• [Data shown]:
BEGIN

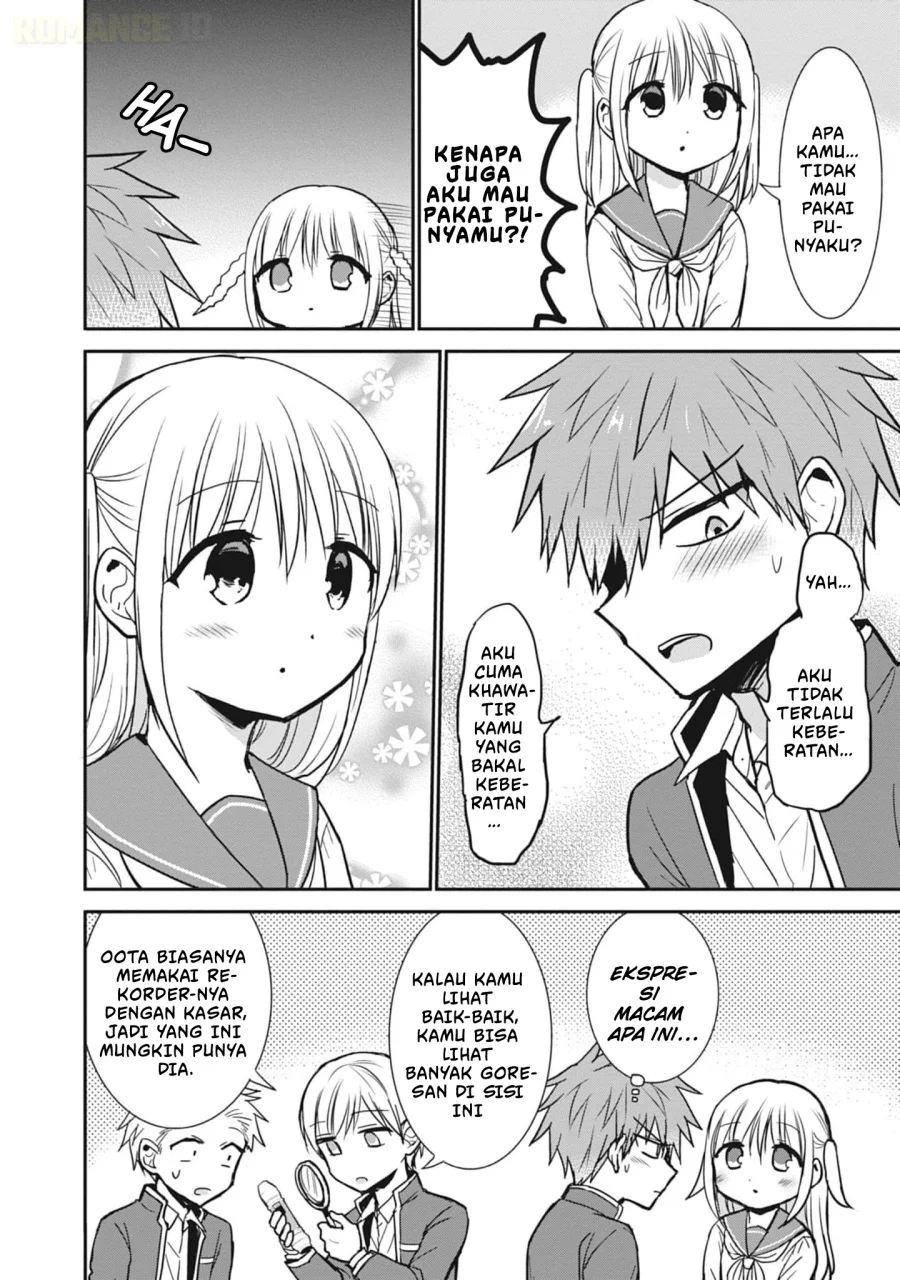 Halaman 9 dari 12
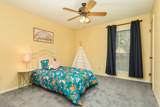 204 Corkwood Street - Photo 18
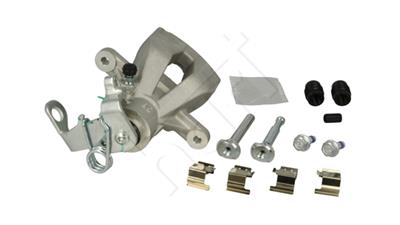 HART 068 687 EAN: 5903175170316.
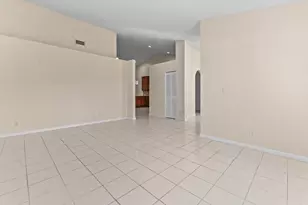 18377 Fresh Lake Way, Boca Raton, FL 33498 - Photo 11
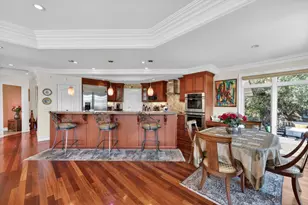 22551 Ricardo Rd, Cupertino, CA 95014 - Photo 17
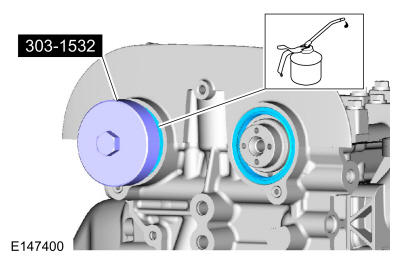 GFD191190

END

Using the records above, output an exact copy without any pictures.

• [Exercise result]:
 Halaman 9 dari 12
 204 Corkwood Street - Photo 18
 HART 068 687 EAN: 5903175170316.
 18377 Fresh Lake Way, Boca Raton, FL 33498 - Photo 11
 22551 Ricardo Rd, Cupertino, CA 95014 - Photo 17
 GFD191190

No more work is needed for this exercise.